Gianfranco Farinelli
Roma
Caro Farinelli, il regime fascista praticava il culto della giovinezza e si considerava «giovanile» anche quando i suoi gerarchi cominciarono a ingrassare e a invecchiare. Nelle manifestazioni organizzate per i giovani cercava di mettere in scena le sue origini e di tenere accesa la «fiamma della rivoluzione» . Vi furono momenti in cui la gioventù sembrò effettivamente essere una reale preoccupazione del governo e del partito. Penso all’importanza che i Littoriali ebbero per la cultura italiana degli anni Trenta. Penso in particolare all’attenzione, segnalata da Indro Montanelli, con cui Mussolini seguiva i giornali dei Guf (gruppi universitari fascisti) e delle federazioni giovanili del partito. Ma nella maggior parte dei casi il regime fu soltanto «giovanilista » e i raduni giovanili divennero liturgie sempre più noiose e annoiate. Le manifestazioni «spontanee» di cui lei parla nella sua lettera erano comandate da quei federali del partito che volevano esibire la loro capacità organizzativa e accumulare punti per la loro carriera. Nei regimi autoritari uno dei maggiori rischi è rappresentato dallo zelo dei sottoposti, sempre ansiosi di anticipare la volontà del capo. Le manifestazioni delle scorse settimane sono alquanto diverse. Nascono nelle università, dove il malessere giovanile è più evidente, e colgono di sorpresa sia i partiti politici, sia le organizzazioni sindacali. È accaduto in Gran Bretagna, dove il sindacato ha cominciato ad appoggiare la protesta soltanto negli scorsi giorni. È accaduto in Italia dove l’opposizione ha fatto del suo meglio per salire su un cavallo che si era messo a correre senza attendere i suoi ordini. Ma anche queste manifestazioni, nonostante la loro maggiore spontaneità, sono spesso riti e liturgie.

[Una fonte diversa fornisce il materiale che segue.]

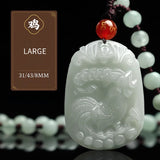 Serenemyst Natural Hetian Jade Chinese Zodiac Protection Pendant With Beads Chain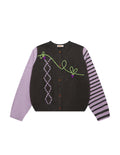 BAKYARDER 3D Grape Embroidered Crewneck Cardigan Sweater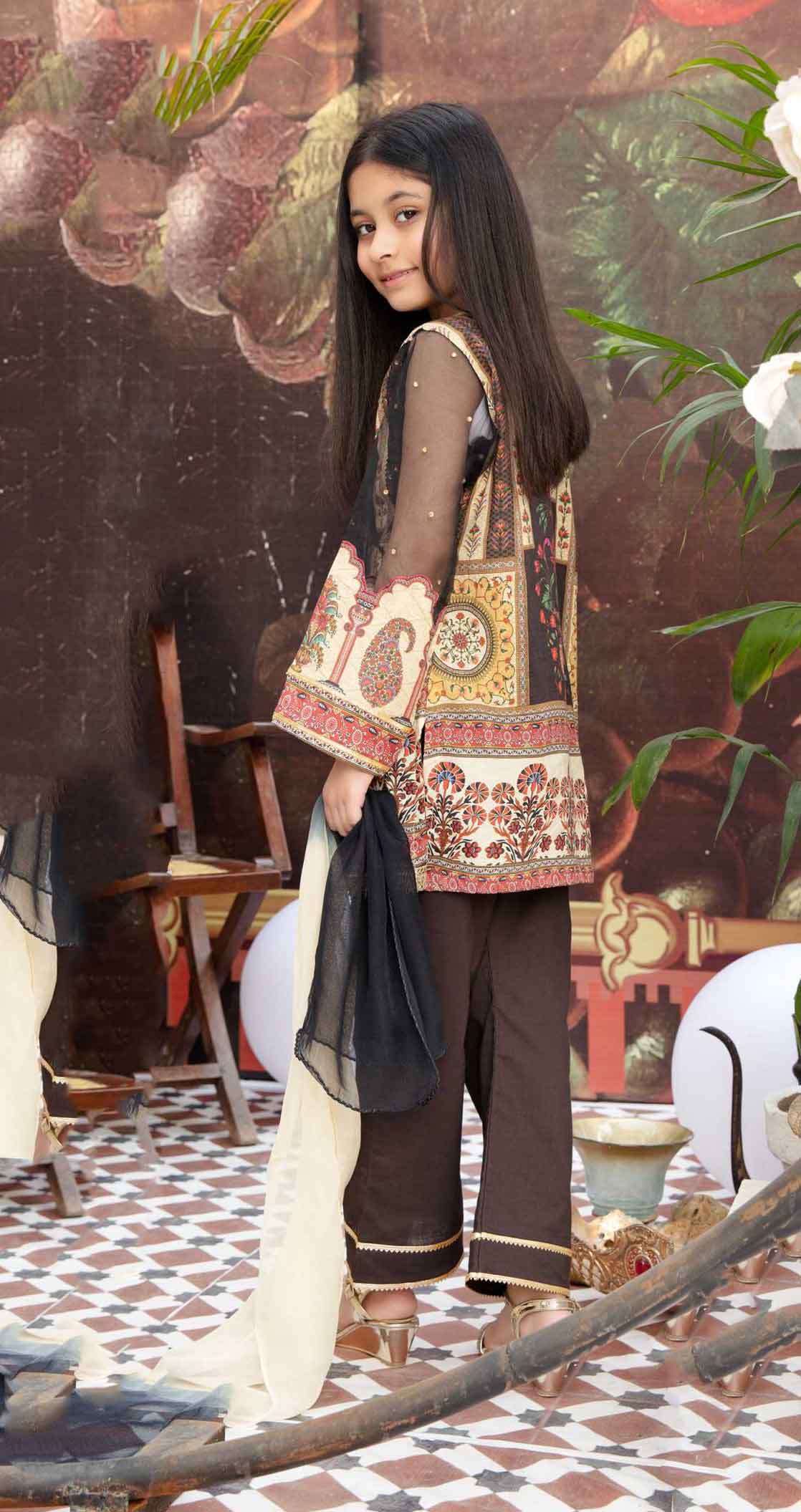 Simrans Kids Digital Print Summer Lawn Kameez Outfit with Lace Detailed Trousers AL233K - Desi Posh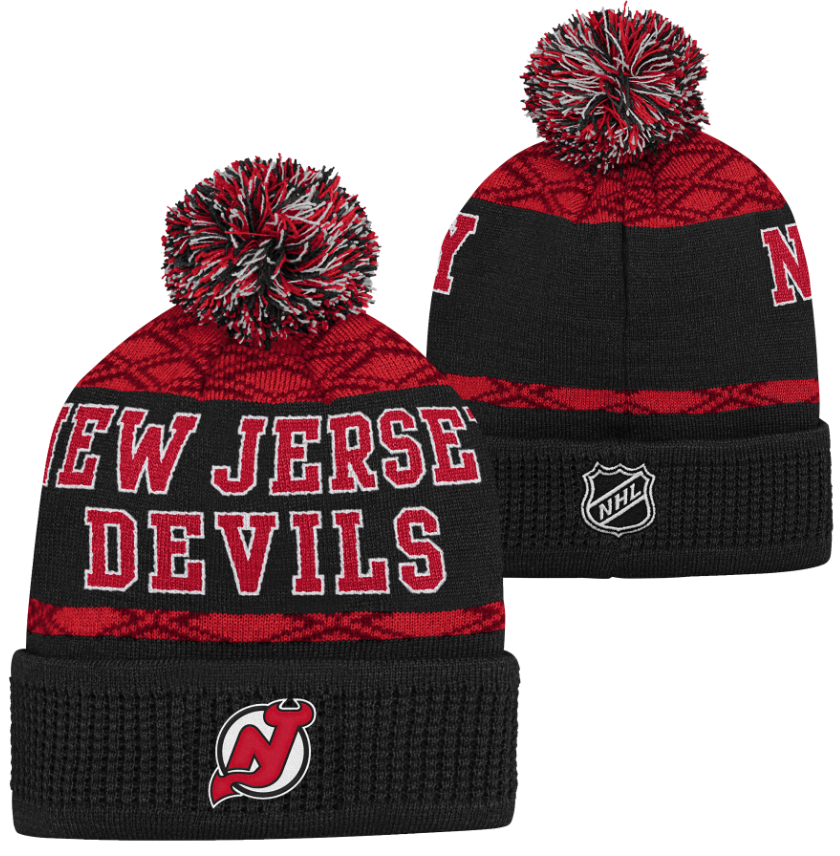 Kinder NHL New Jersey Devils Beanie Puck Pattern PomPom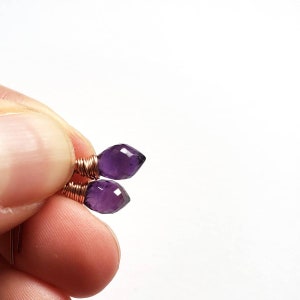 Petite Purple Amethyst and Rose Gold Earrings, February Birthstone, Dangle and Drop Jewelry, Gift for Her Handmade in Seattle, Ready to Ship image 4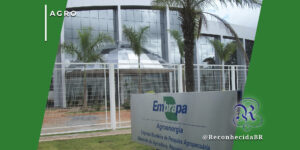 Fachada moderna do prédio da Embrapa Agroenergia (Empresa Brasileira de Pesquisa Agropecuária) sob um céu parcialmente nublado, com palmeiras e jardins à frente. Em primeiro plano, uma placa cinza exibe o logotipo da Embrapa e o Ministério da Agricultura e Pecuária. No canto superior esquerdo, o selo 'AGRO' e, no inferior direito, o logotipo do portal Reconhecida com o @ReconhecidaBR.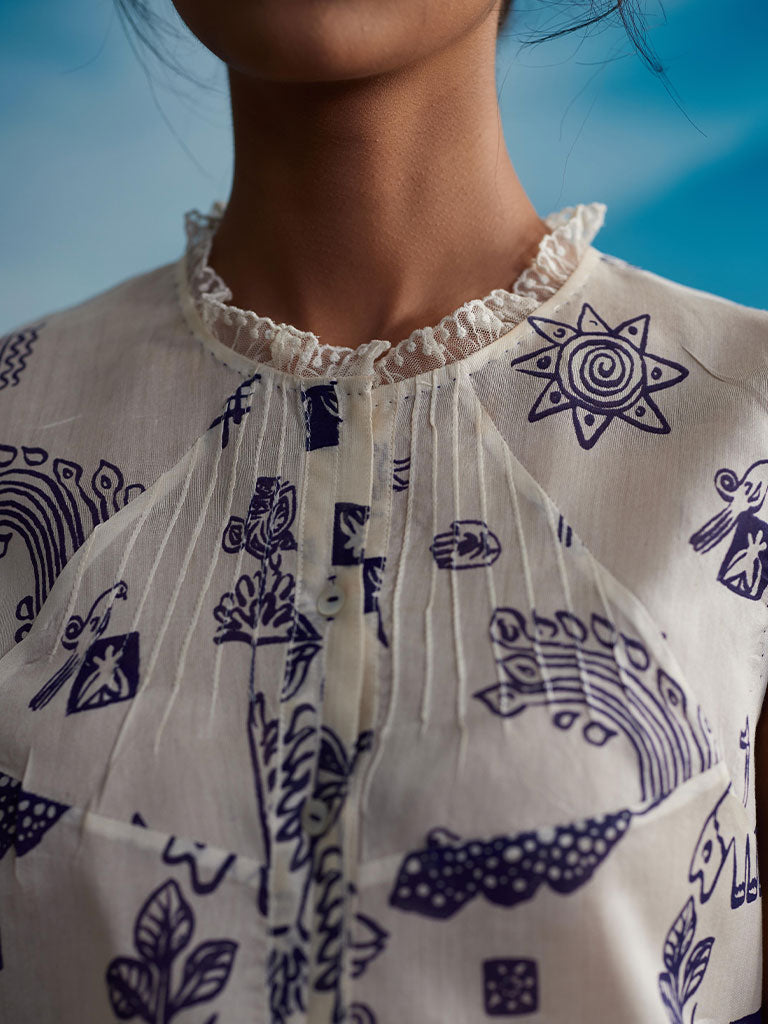 Clover Raglan Sleeve Pin Tuck Shirt TOPS Ahmev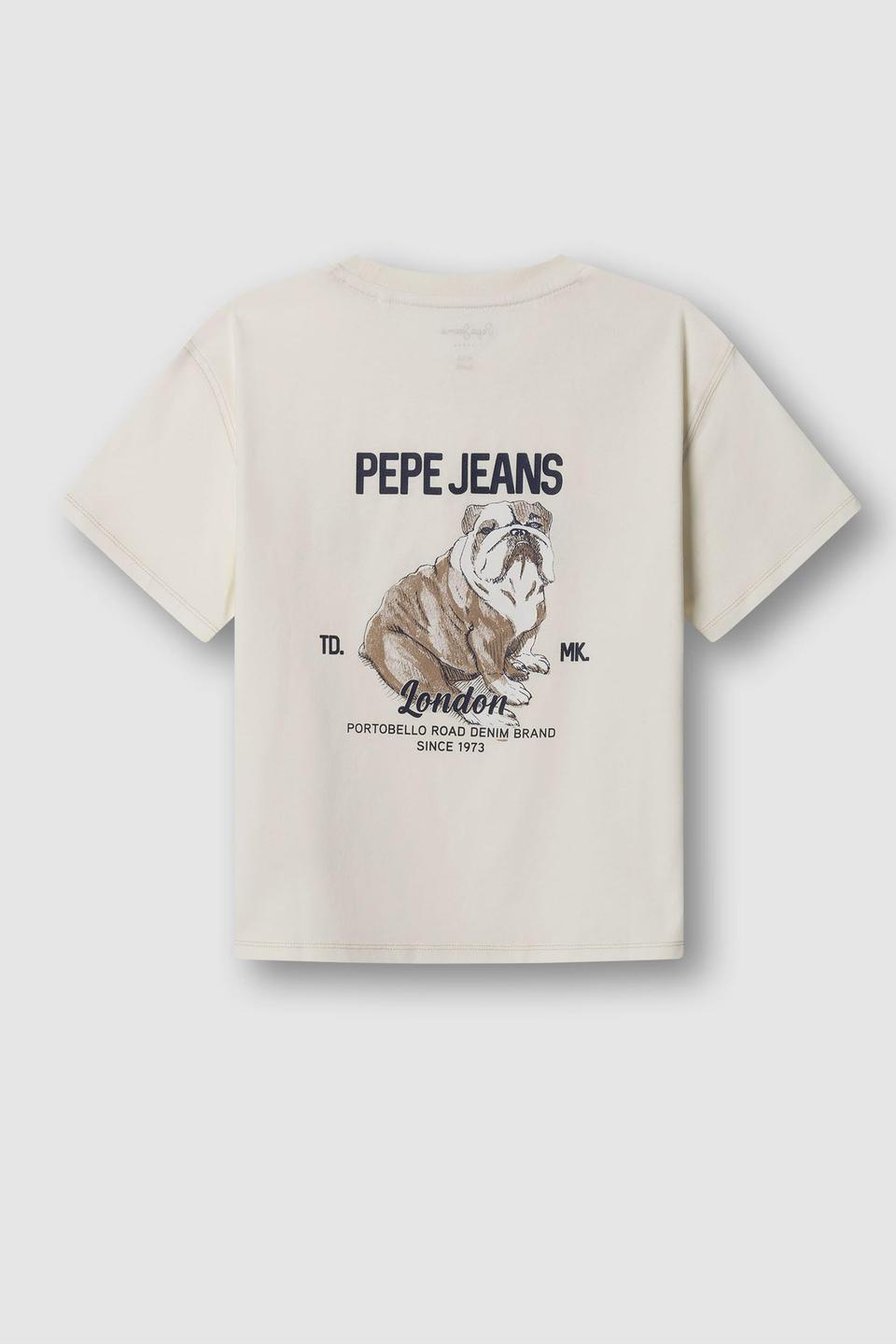 Футболка Pepe Jeans London с принтом бульдога офф-вайт
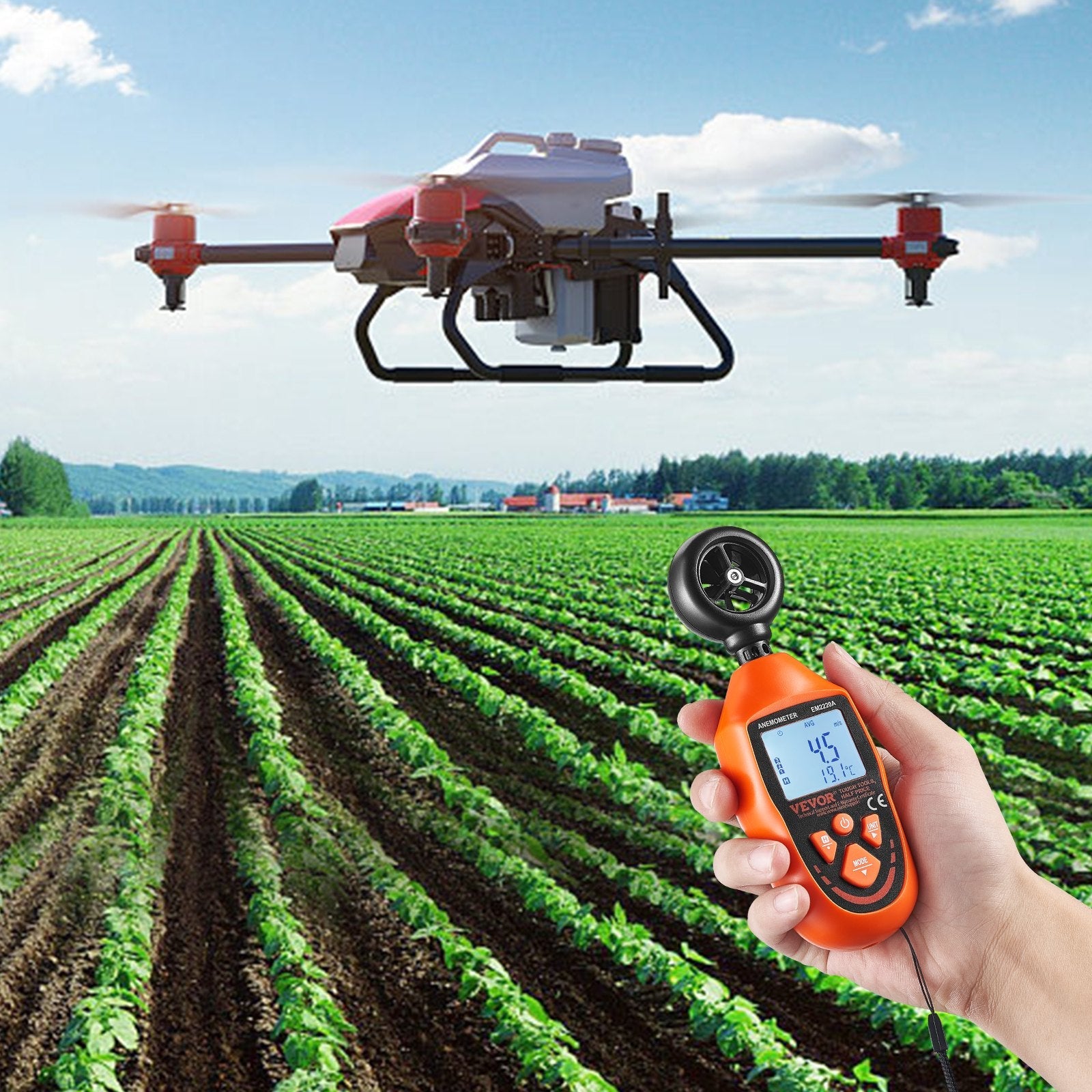 VEVOR Handheld Anemometer, 14?-113?, Digital Wind Speed Meter Gauge with LED Backlight Screen, Measures Wind Velocity Wind Temperature Air Flow Wind Chill, for Sailing Surfing Drone Flying HVAC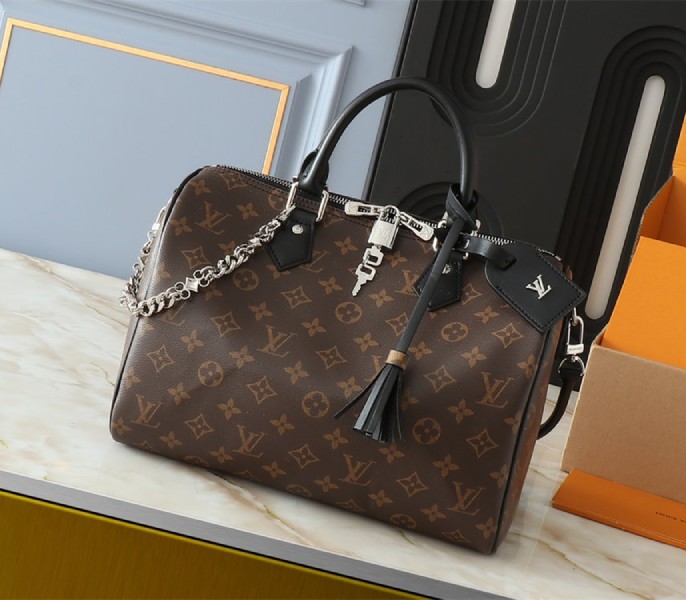 Louis Vuitton Monogram Canvas Soft Speedy 30 Dark Handbag In Black - Louis Vuitton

Il loro archetipo è il sessantotto, vale a dire l’epoca della grande rivolta studentesca, e i loro strumenti, fra cui l’occupazione, sono quelli maggiormente sperimentati in quegli anni. Fra i manifestanti vi sono coloro che hanno idee abbastanza confuse sugli obiettivi da raggiungere, i giovani ambiziosi che fanno le prime armi della loro futura carriera politica, i ragazzi che hanno bisogno di scaldarsi il cuore nel crogiolo di un’azione collettiva. E vi sono infine i gruppuscoli, come si chiamavano nel ’ 68, che cercano di trasformare l’occasione in una battaglia contro l’ «ordine capitalista» . Nel caso di questi ultimi, caro Farinelli, la parola «cagnara» è troppo poco.